* **Activity**: For this exercise, copy exactly every line from the one holding "untitled design (13)" through the end of the data, both included. Omit pictures.

* **Information supplied**:
▶

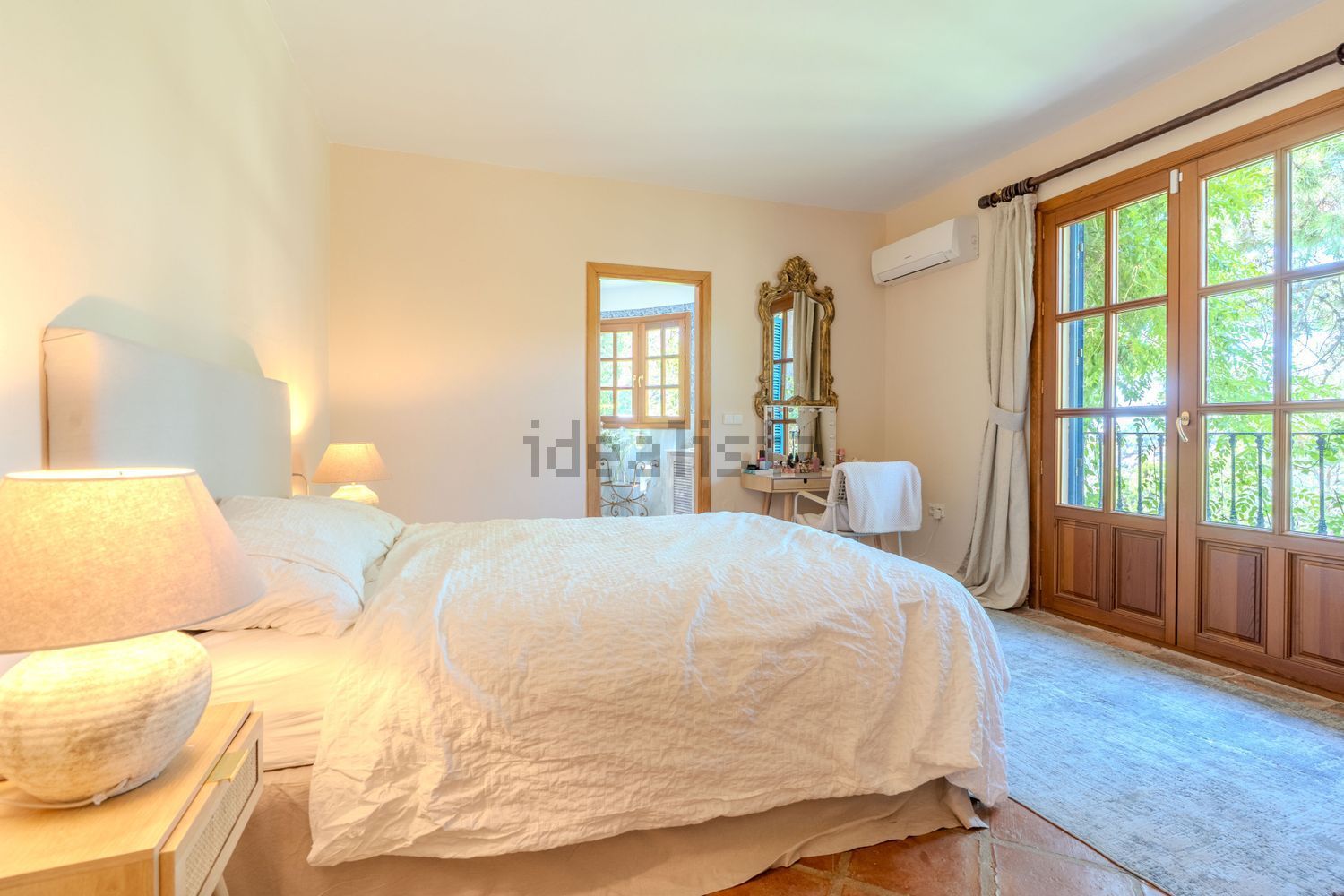 Casa de 342 m² a Benahavís
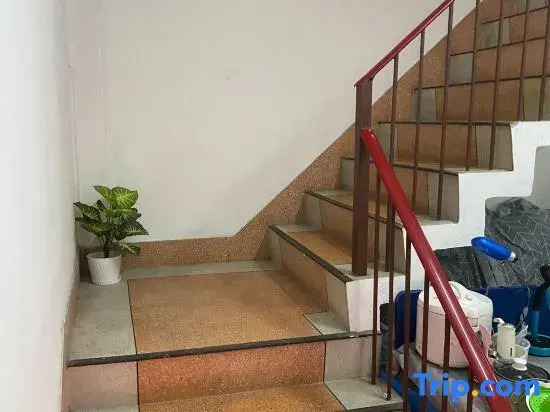 Foto - Sleep Break Hostel Sathon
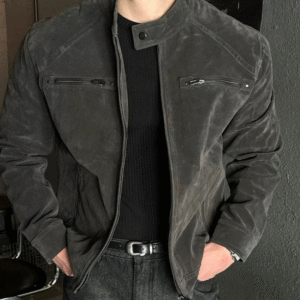 untitled design (13)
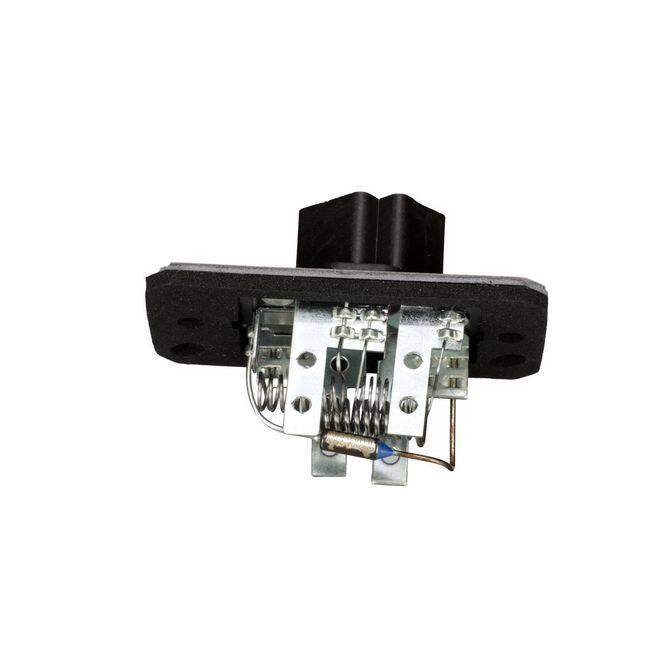 IGN STANDARD IGNITION RU402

◀

* **Solution to this exercise**:
 untitled design (13)
 IGN STANDARD IGNITION RU402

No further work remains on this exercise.